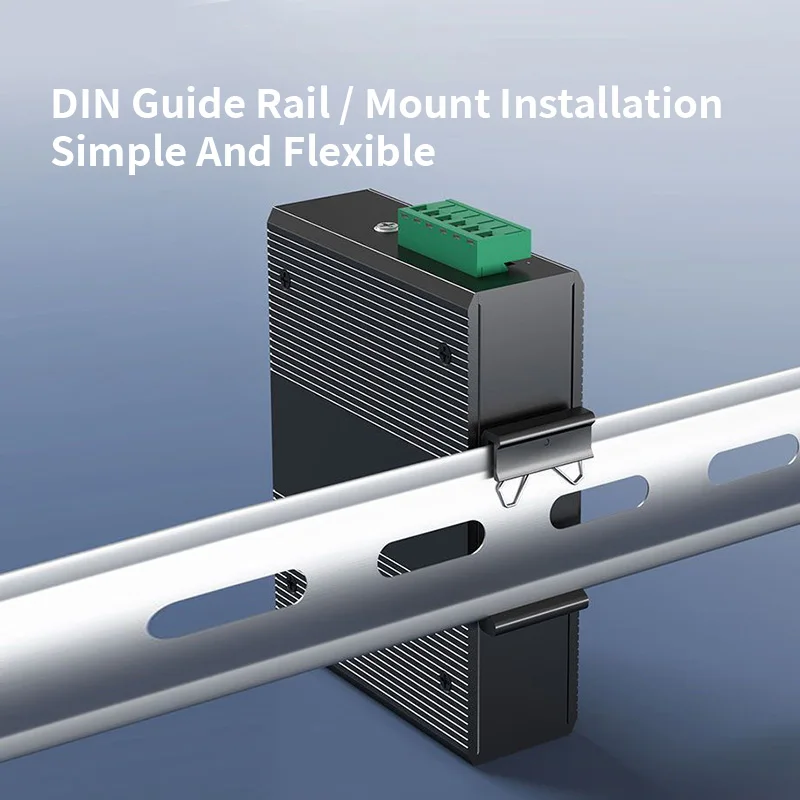 Industrial grade optical fiber transceiver 100M Gigabit 1 optical 1 electrical SFP, SC switch rail type DC12V/24V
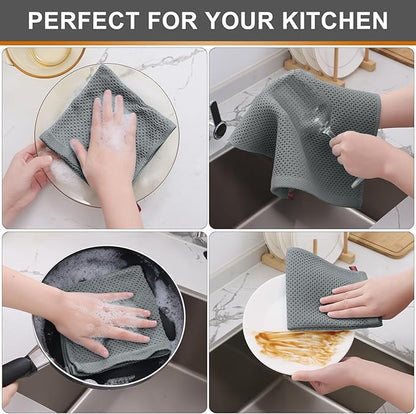 Kitinjoy 100% Cotton Kitchen Dish Cloths (12 X 12 Inches, Grey),6 Pack Waffle Weave Ultra Soft Absorbent Dish Towels for Drying Dishes Quick Drying Kitchen Towels Dish Rags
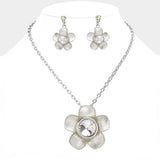 Glass Stone Pointed Colored Metal Flower Pendant Necklace - Madeline Love - Flyclothing LLC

WHAT THE EXERCISE ASKS:
All of the data above should be printed again exactly, though none of the pictures belong in the copy.

YOUR SOLUTION:
 Industrial grade optical fiber transceiver 100M Gigabit 1 optical 1 electrical SFP, SC switch rail type DC12V/24V
 Kitinjoy 100% Cotton Kitchen Dish Cloths (12 X 12 Inches, Grey),6 Pack Waffle Weave Ultra Soft Absorbent Dish Towels for Drying Dishes Quick Drying Kitchen Towels Dish Rags
 Glass Stone Pointed Colored Metal Flower Pendant Necklace - Madeline Love - Flyclothing LLC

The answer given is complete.